***** Given information
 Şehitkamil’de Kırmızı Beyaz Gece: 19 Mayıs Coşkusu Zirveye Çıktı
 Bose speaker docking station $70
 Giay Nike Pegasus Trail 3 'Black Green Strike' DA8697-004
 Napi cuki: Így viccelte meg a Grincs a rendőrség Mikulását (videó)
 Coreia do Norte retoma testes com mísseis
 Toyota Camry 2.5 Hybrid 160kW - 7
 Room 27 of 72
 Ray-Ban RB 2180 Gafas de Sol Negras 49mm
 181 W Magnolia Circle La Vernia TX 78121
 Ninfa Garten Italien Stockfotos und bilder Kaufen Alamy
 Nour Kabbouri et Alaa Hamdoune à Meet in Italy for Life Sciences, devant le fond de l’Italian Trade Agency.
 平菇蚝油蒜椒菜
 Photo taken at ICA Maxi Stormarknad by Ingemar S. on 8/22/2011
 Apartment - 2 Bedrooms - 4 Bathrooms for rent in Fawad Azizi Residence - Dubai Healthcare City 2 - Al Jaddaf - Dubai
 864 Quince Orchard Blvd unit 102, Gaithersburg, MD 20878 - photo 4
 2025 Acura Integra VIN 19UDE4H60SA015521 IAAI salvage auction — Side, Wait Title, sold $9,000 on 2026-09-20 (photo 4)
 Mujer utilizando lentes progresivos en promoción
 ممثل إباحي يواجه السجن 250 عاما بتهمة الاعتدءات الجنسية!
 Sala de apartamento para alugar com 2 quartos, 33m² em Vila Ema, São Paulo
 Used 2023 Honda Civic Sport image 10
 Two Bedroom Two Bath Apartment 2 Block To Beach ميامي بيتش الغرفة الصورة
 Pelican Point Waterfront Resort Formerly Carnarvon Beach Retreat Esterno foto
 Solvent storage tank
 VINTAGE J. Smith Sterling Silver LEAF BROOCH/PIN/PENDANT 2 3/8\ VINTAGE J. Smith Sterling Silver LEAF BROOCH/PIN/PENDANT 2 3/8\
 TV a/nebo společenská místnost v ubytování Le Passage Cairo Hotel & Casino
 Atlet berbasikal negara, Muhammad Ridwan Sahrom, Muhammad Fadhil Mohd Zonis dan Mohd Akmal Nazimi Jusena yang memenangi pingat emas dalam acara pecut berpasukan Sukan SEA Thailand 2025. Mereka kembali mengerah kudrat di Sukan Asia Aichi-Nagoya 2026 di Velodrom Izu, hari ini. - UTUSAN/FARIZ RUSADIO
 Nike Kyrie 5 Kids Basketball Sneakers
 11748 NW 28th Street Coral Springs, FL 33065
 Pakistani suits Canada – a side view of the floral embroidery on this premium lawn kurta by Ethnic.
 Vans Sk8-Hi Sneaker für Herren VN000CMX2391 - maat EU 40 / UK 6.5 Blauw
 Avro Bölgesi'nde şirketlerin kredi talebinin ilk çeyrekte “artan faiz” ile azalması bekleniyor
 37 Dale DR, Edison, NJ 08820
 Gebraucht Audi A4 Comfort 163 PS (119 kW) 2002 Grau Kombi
**********
Required action:
Write every line of the entries again, word for word.

Your solution:
 Şehitkamil’de Kırmızı Beyaz Gece: 19 Mayıs Coşkusu Zirveye Çıktı
 Bose speaker docking station $70
 Giay Nike Pegasus Trail 3 'Black Green Strike' DA8697-004
 Napi cuki: Így viccelte meg a Grincs a rendőrség Mikulását (videó)
 Coreia do Norte retoma testes com mísseis
 Toyota Camry 2.5 Hybrid 160kW - 7
 Room 27 of 72
 Ray-Ban RB 2180 Gafas de Sol Negras 49mm
 181 W Magnolia Circle La Vernia TX 78121
 Ninfa Garten Italien Stockfotos und bilder Kaufen Alamy
 Nour Kabbouri et Alaa Hamdoune à Meet in Italy for Life Sciences, devant le fond de l’Italian Trade Agency.
 平菇蚝油蒜椒菜
 Photo taken at ICA Maxi Stormarknad by Ingemar S. on 8/22/2011
 Apartment - 2 Bedrooms - 4 Bathrooms for rent in Fawad Azizi Residence - Dubai Healthcare City 2 - Al Jaddaf - Dubai
 864 Quince Orchard Blvd unit 102, Gaithersburg, MD 20878 - photo 4
 2025 Acura Integra VIN 19UDE4H60SA015521 IAAI salvage auction — Side, Wait Title, sold $9,000 on 2026-09-20 (photo 4)
 Mujer utilizando lentes progresivos en promoción
 ممثل إباحي يواجه السجن 250 عاما بتهمة الاعتدءات الجنسية!
 Sala de apartamento para alugar com 2 quartos, 33m² em Vila Ema, São Paulo
 Used 2023 Honda Civic Sport image 10
 Two Bedroom Two Bath Apartment 2 Block To Beach ميامي بيتش الغرفة الصورة
 Pelican Point Waterfront Resort Formerly Carnarvon Beach Retreat Esterno foto
 Solvent storage tank
 VINTAGE J. Smith Sterling Silver LEAF BROOCH/PIN/PENDANT 2 3/8\ VINTAGE J. Smith Sterling Silver LEAF BROOCH/PIN/PENDANT 2 3/8\
 TV a/nebo společenská místnost v ubytování Le Passage Cairo Hotel & Casino
 Atlet berbasikal negara, Muhammad Ridwan Sahrom, Muhammad Fadhil Mohd Zonis dan Mohd Akmal Nazimi Jusena yang memenangi pingat emas dalam acara pecut berpasukan Sukan SEA Thailand 2025. Mereka kembali mengerah kudrat di Sukan Asia Aichi-Nagoya 2026 di Velodrom Izu, hari ini. - UTUSAN/FARIZ RUSADIO
 Nike Kyrie 5 Kids Basketball Sneakers
 11748 NW 28th Street Coral Springs, FL 33065
 Pakistani suits Canada – a side view of the floral embroidery on this premium lawn kurta by Ethnic.
 Vans Sk8-Hi Sneaker für Herren VN000CMX2391 - maat EU 40 / UK 6.5 Blauw
 Avro Bölgesi'nde şirketlerin kredi talebinin ilk çeyrekte “artan faiz” ile azalması bekleniyor
 37 Dale DR, Edison, NJ 08820
 Gebraucht Audi A4 Comfort 163 PS (119 kW) 2002 Grau Kombi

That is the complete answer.